Sounds fun right? You just wanna sit and talk with me all day long. I’m good for it. Talk, talk, talk, it’s in my blood. My Momma used to tell me “you could talk to a fence post and not get bored.” Pretty sure I am not alone in this since I’ve seen so many memes on social media like “I’m homeschooling, if you see me talking to myself, I’m in a parent-teacher conference.” It’s funny because when I started writing this blog I was singing “Talking to Myself” (only in my head, it would not have been music to their ears, trust me), but instead, it was to the tune of “Dancing with Myself” by Billy Idol. Pretty sure I just dated myself. Thank goodness for Google! I had to look it up ‘cause I couldn’t shake it and I knew it wasn’t right. But there is a song called “Talking to Myself” so I was edified. Learned something new. And no, I didn’t listen to it, yet.
You know the thing about talking to ourselves is, as ladies, we tend to be negative. You know what I mean? Like, “why am I so stupid”? Or “I’m so fat.” Or “I’m so ugly” Or “I can’t do anything right.” Sound familiar? Oh, my goodness I was the worst! Why on earth would we let what someone else says about us, make us feel defective? It is mind-boggling to me and yet, I let it happen. You are not defective. You are not alone in this either. Don’t let anyone, even yourself, tell you that. What do we do to change this pattern? You hear “just start talking positively to yourself.” Yeah, right. That works for about a day and a half, and when I “don’t feel” better, then it starts again. I’m expecting my feelings to just change from negative to positive, just like that. At the snap of my fingers, my feelings should be lining up with what I’m doing. Ha ha ha what’s wrong with me anyway? Welp, there I go again. See how hard it is? My pastor in his amazing Nigerian accent says, “you don’t FEEL like it? What do feelings have to do with it anyway?” This has helped Todd and me so much when pursuing a new ministry, new company, etc.

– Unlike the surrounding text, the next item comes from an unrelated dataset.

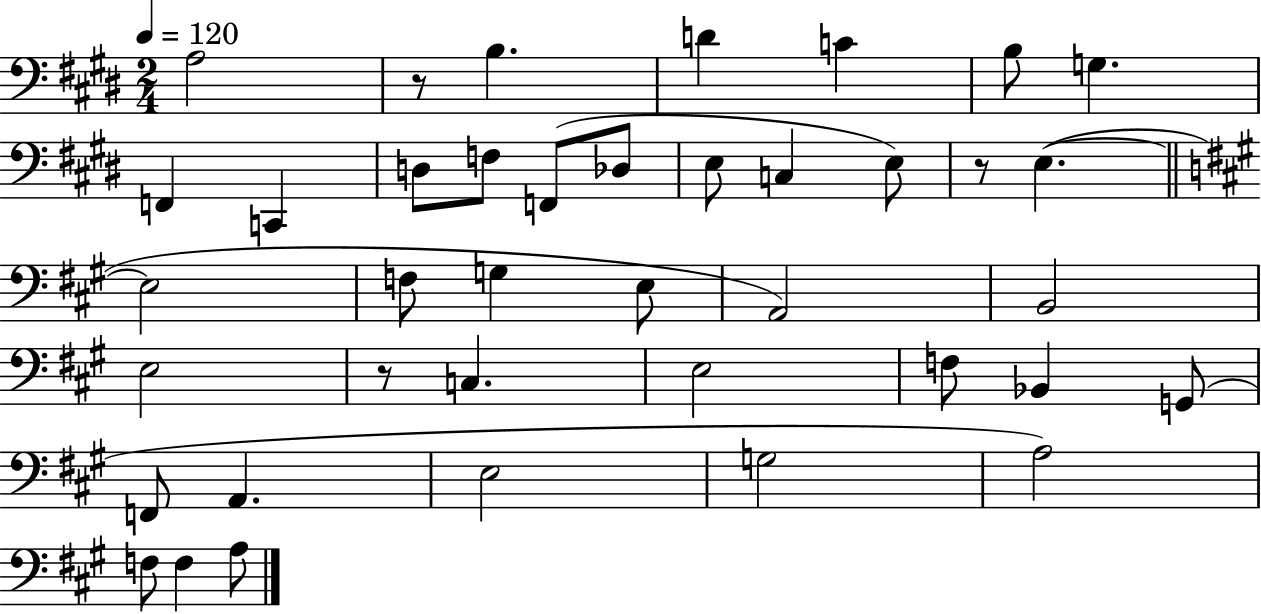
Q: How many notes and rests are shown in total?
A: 39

I want to be a Deborah. Do you know who Deborah is? This amazing judge of Israel, otherwise known as the Mother of Israel. I have been studying her more in-depth and her song is impressive. We need to learn from it. She tells herself to awake and be the change that Israel needs. She doesn’t wait for anyone to tell her what she needs to do. She doesn’t need approval. She just does it. “Why can’t I be like a Deborah?” I hear ya! Oh, but my darling, you can. I have found a secret that has changed my world.
There was a printout that I was given that shows all about what to do with thoughts and feelings. In this photo you will see two rows of boxes – one is God’s Truth and One is False Beliefs. Basically, your negative self-talk, leads to negative emotions, and negative behaviors. If you believe God’s truth, speak healthy talk, you anticipate emotions that may not happen. When the new emotions don’t happen, you go back to the bottom row. That’s the zigzag. However, if you just keep walking in obedience then you will see healthy behaviors, then you will get the anticipated emotions. You may zig-zag for a bit, but you will get there. DON’T GIVE UP! Let me tell you something, I have been wandering around out here in the desert for 40 years like the Children of Israel because I couldn’t get past the zigzag. It is the most amazing information I have ever received.
Of course, I have asked “why would I do this? are we crazy? and what if we fail?” questions when we started WRM and now, the writing. I feel myself zig-zagging. Second-guessing myself and my abilities is a killer. Negative self-talk is a killer! BUT. NO. MORE. Now when I see that zigzag, I’m all like “what ya gonna do when the zig-zag comes for you?” (Did you sing it? I have every time I proofed it!) You’re gonna write, make vlogs, and do the things… and dance just because I love dancing. I don’t always FEEL like it tho. Doubt will creep in and I wanna know why the blogs/vlogs aren’t shared if everyone likes them (I do appreciate the feedback we get) … you know, the normal things we all do. The what-ifs or why should I’s. But reality is, I am walking in obedience with what He told me to do and the emotions will follow if I give it time. My hope is to move past the self-help stuff and writing about me, although, I’m pretty special, don’t ya think? This is just what is flowing out of me. So many blogs ready to post but don’t want to overwhelm. This is what I am to be doing. Wouldn’t it be a shame to have grown into the person He wants me to be and not share it with others so they can too, just because of a little zigzag? Plus it helps when we need courage!
But it would be fun to write about tacos… You know you want my taco recipe. Maybe that will be my next blog! Love me some Taco Tuesday!